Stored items

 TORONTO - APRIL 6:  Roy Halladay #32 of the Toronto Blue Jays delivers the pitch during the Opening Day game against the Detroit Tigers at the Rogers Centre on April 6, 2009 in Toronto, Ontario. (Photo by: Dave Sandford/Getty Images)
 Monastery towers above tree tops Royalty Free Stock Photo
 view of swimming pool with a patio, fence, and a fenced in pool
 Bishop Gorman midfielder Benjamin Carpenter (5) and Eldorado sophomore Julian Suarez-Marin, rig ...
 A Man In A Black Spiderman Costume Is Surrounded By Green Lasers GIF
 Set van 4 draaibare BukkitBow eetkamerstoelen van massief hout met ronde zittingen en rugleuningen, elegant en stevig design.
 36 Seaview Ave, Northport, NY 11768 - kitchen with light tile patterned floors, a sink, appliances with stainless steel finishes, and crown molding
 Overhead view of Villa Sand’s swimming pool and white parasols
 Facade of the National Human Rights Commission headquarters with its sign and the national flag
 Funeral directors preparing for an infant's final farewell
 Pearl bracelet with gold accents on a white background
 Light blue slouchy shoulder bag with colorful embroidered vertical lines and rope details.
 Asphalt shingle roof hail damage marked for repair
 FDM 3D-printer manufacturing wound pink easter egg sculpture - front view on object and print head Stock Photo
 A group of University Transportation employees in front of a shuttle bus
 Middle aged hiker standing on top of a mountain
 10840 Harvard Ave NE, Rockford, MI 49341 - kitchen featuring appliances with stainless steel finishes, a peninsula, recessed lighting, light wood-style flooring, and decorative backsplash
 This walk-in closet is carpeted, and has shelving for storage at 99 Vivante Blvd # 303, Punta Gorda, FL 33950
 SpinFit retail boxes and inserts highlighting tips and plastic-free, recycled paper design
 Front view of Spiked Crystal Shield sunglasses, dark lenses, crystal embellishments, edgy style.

* _WHAT TO PRODUCE_:
Please return all of the records exactly as they appear.

* _ANSWER BOX_:
 TORONTO - APRIL 6:  Roy Halladay #32 of the Toronto Blue Jays delivers the pitch during the Opening Day game against the Detroit Tigers at the Rogers Centre on April 6, 2009 in Toronto, Ontario. (Photo by: Dave Sandford/Getty Images)
 Monastery towers above tree tops Royalty Free Stock Photo
 view of swimming pool with a patio, fence, and a fenced in pool
 Bishop Gorman midfielder Benjamin Carpenter (5) and Eldorado sophomore Julian Suarez-Marin, rig ...
 A Man In A Black Spiderman Costume Is Surrounded By Green Lasers GIF
 Set van 4 draaibare BukkitBow eetkamerstoelen van massief hout met ronde zittingen en rugleuningen, elegant en stevig design.
 36 Seaview Ave, Northport, NY 11768 - kitchen with light tile patterned floors, a sink, appliances with stainless steel finishes, and crown molding
 Overhead view of Villa Sand’s swimming pool and white parasols
 Facade of the National Human Rights Commission headquarters with its sign and the national flag
 Funeral directors preparing for an infant's final farewell
 Pearl bracelet with gold accents on a white background
 Light blue slouchy shoulder bag with colorful embroidered vertical lines and rope details.
 Asphalt shingle roof hail damage marked for repair
 FDM 3D-printer manufacturing wound pink easter egg sculpture - front view on object and print head Stock Photo
 A group of University Transportation employees in front of a shuttle bus
 Middle aged hiker standing on top of a mountain
 10840 Harvard Ave NE, Rockford, MI 49341 - kitchen featuring appliances with stainless steel finishes, a peninsula, recessed lighting, light wood-style flooring, and decorative backsplash
 This walk-in closet is carpeted, and has shelving for storage at 99 Vivante Blvd # 303, Punta Gorda, FL 33950
 SpinFit retail boxes and inserts highlighting tips and plastic-free, recycled paper design
 Front view of Spiked Crystal Shield sunglasses, dark lenses, crystal embellishments, edgy style.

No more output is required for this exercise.